Tot zover niets bijzonders. Maar dan volgt:
„Schrik hier. Zo-even zette
hij zich af en zweefde
blinkend enkele meters
om de spits, beentjes uitstekend
dun als iets van insecten”
(51)

. En op dat moment blijkt de lezer op het verkeerde been gezet; de dichter heeft je maar iets voorgespiegeld. Zojuist leek de leidekker op zijn plank nog levensecht, maar nu besef je dat hij alleen maar aanwezig is in je hoofd.

Misschien doet ieder gedicht dat wel, de lezer iets voorspiegelen.

Lichtvoetig
Ook het motief ”Landschap”, of desgewenst ”Leefomgeving”, is in Van Toorns gehele oeuvre terug te vinden. Bij de beschrijving van zo'n omgeving gaat het hem niet in de eerste plaats om wat natuurschoon, maar om de mensen die erin aan te treffen zijn. Over de streek waar Betje Wolff woonde:

„In dit landschap werd je zo groot.
Tot achter de horizon
vermoedens omtrent je”
(160).

„Het landschap hier weet dingen van ons af” (115).

Ook bouwsels kunnen sporen vasthouden. In een stadsmuur vermoedt de dichter een „andere taal, die niet uit woorden bestaat. Kon je hem lezen, dan vond je in de stenen de overstromingen terug, de bijtende winters, de verpulverende zomers” (279).

Van Toorn heeft een eigen stem, die in al zijn bundels te vernemen is. Op het eerste gezicht zijn de gedichten speels en als toevallig ontstaan: er worden geen grote woorden gebruikt, het eindrijm is onopvallend, evenals het ritme. Maar bij nadere analyse blijkt er grote zorg besteed aan de verstechniek. Vrijwel alle gedichten (behalve de prozagedichten uit de laatste bundel) bevatten vormen van eindrijm.

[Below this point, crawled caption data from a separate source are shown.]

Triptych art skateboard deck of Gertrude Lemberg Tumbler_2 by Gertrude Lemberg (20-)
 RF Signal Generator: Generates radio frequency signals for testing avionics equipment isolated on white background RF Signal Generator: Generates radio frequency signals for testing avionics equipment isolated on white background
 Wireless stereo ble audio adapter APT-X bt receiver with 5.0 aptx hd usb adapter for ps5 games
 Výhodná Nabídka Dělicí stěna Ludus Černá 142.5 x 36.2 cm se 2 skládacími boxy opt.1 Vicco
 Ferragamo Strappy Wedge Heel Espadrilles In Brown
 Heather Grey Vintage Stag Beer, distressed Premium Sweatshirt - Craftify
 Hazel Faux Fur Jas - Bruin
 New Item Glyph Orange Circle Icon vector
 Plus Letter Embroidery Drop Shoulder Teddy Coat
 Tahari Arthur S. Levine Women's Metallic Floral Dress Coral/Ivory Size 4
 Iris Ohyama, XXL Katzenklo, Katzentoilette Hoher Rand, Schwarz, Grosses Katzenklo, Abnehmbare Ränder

Ook de beeldspraak is niet zelden verrassend:
„Aan de voeten van de bomen ligt de zon
te verlangen naar de deken van de nacht”
(31).

Sommige gedichten zijn staaltjes van fijnzinnige humor, zoals ”Een raadsel voor lateren” (70-73): „Sla het open en je begrijpt waarom zinvol citeren onmogelijk is.”

Tragisch besef
Literair gezien is deze uitgave dan ook zeker de moeite waard: Onder het lezen besef je eens te meer dat taalgebruik niet vanzelfsprekend is. Van Toorns landschapsgedichten doen een creatieve manier van kijken van de hand.

Doordenkend over de filosofie achter Van Toorns gedichten, werd ik getroffen door de vruchteloosheid ervan. De dichter schrijft om te conserveren; maar de vraag is volgens hem of de taal conserverende kracht bezit. En in ieder geval zal er, eeuwen later wellicht, een moment komen waarop geen mens deze gedichten meer zal lezen of kunnen begrijpen. Tot die tijd heeft de conservatiepoging een dubieuze kans van slagen, daarna zelfs dat niet meer. Een tragisch besef, dat doet verlangen naar iets beters.